**PROVIDED MATERIAL:**
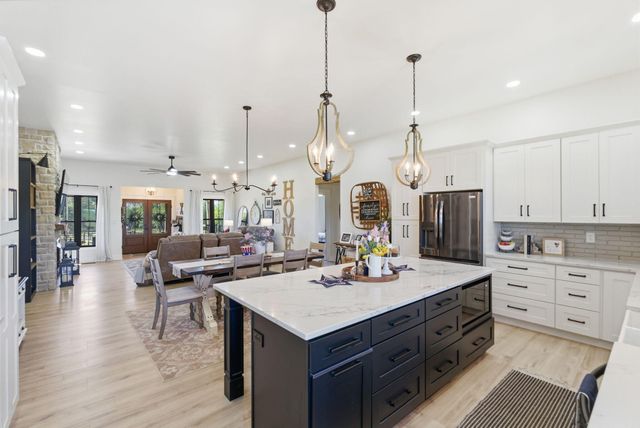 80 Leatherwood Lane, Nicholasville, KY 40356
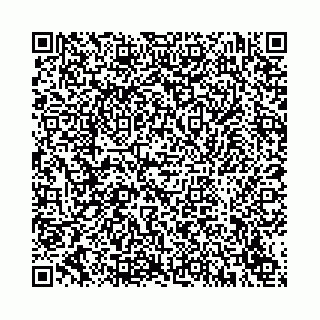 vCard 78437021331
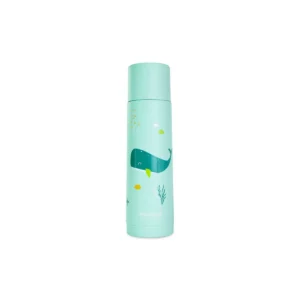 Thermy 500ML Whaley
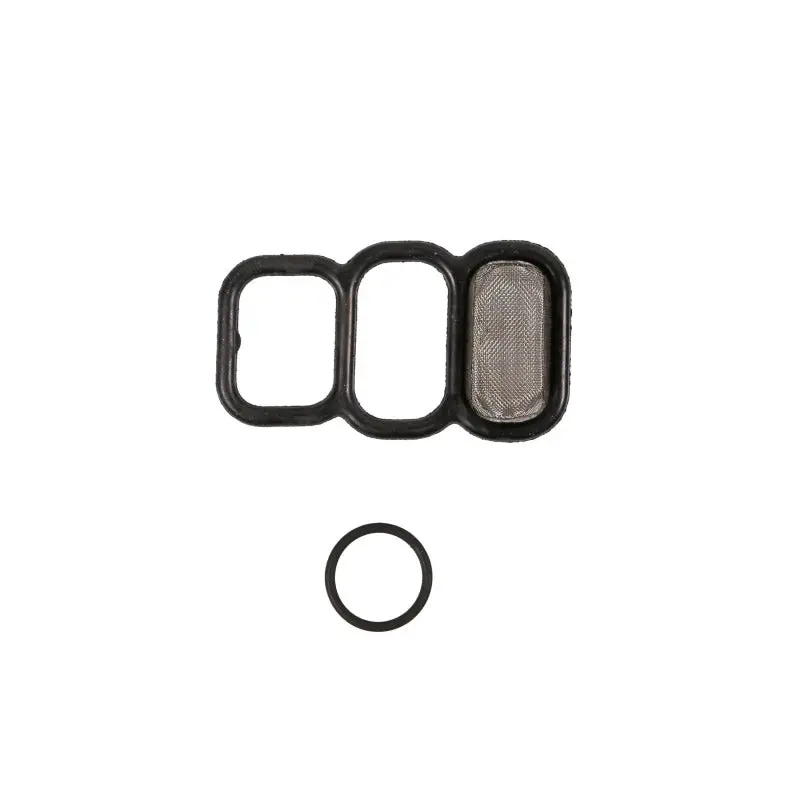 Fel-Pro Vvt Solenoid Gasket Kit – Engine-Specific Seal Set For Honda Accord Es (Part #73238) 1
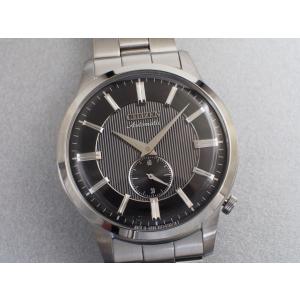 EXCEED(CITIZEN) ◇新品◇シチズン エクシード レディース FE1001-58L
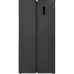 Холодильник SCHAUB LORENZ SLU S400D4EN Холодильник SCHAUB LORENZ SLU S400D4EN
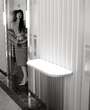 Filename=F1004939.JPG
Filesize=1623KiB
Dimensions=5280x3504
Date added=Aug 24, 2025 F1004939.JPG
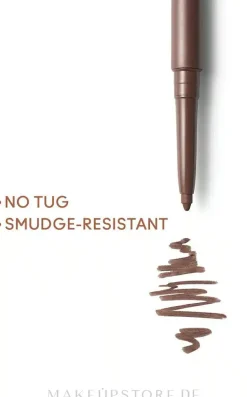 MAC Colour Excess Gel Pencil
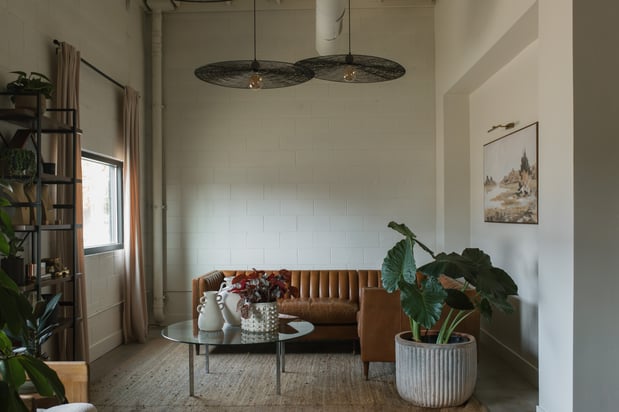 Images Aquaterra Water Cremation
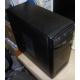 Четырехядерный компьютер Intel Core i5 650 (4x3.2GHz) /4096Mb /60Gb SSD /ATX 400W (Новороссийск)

**EXERCISE REQUIREMENTS:** Omit the pictures. Write out exactly the lines from the one containing "Filesize=1623KiB" through the last line of the entries, both of them included.

**SOLUTION FOR THIS EXERCISE:**
Filesize=1623KiB
Dimensions=5280x3504
Date added=Aug 24, 2025 F1004939.JPG
 MAC Colour Excess Gel Pencil
 Images Aquaterra Water Cremation
 Четырехядерный компьютер Intel Core i5 650 (4x3.2GHz) /4096Mb /60Gb SSD /ATX 400W (Новороссийск)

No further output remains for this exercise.